Idle chat with trembling voices
Imaginations running wild
This is their very first meeting
                                                     And already emotions are overheating


Proverbial cups of coffee
Gazing and awkward silences
Body language telling hidden codes
                                                     Just before it all explodes


Clothes lead to the bedroom
Sheets lie on the floor
Feelings violently churning
                                                     Now the fires are burning

Reviews
novel
Written by kevinrobson73 (371 comments posted) 3rd July 2005
liked the layout and tjhe theme 
well done
A bit cutesy?
Written by Flippy_D (14 comments posted) 4th July 2005
Seemed unimaginative to me... I don't think you've focused enough on how the people themselves feel. It's meant to be passionate, right? To me it just seems a little flat.
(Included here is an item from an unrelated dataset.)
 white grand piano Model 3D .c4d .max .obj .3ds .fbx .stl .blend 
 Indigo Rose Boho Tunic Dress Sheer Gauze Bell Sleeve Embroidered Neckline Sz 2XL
There are details you can use to remedy this.  
 
It's not bad; I've seen some godawful love poems, but this could do with a little work and some more originality.
Thanks Flippy D
Written by sara (29 comments posted) 4th July 2005
Thanks for comments. I thought I said quite a bit about how the people are feeling eg. "embarrassment and fear", "trembling voices", "awkward" and "feelings violently churning" obviously you thought it needs more. 
It's not a love poem, it's a lust poem that kind of one night stand feeling.  
 
Thanks for your input
Tantalising
Written by Espiral (44 comments posted) 26th April 2006
 
I've never seen a one night stand type of guy smile tenderly across the bar, it's usually more of a leer but maybe you've been lucky! 
 
Focussing on the content, to me this sounds not like a one night stand but more like a first night together between two people who know each other already, as if there has been anticipation building for a while. Perhaps that's why it feels a bit like a love poem. 
 
I like the last line, it leaves a tantalising '...' effect...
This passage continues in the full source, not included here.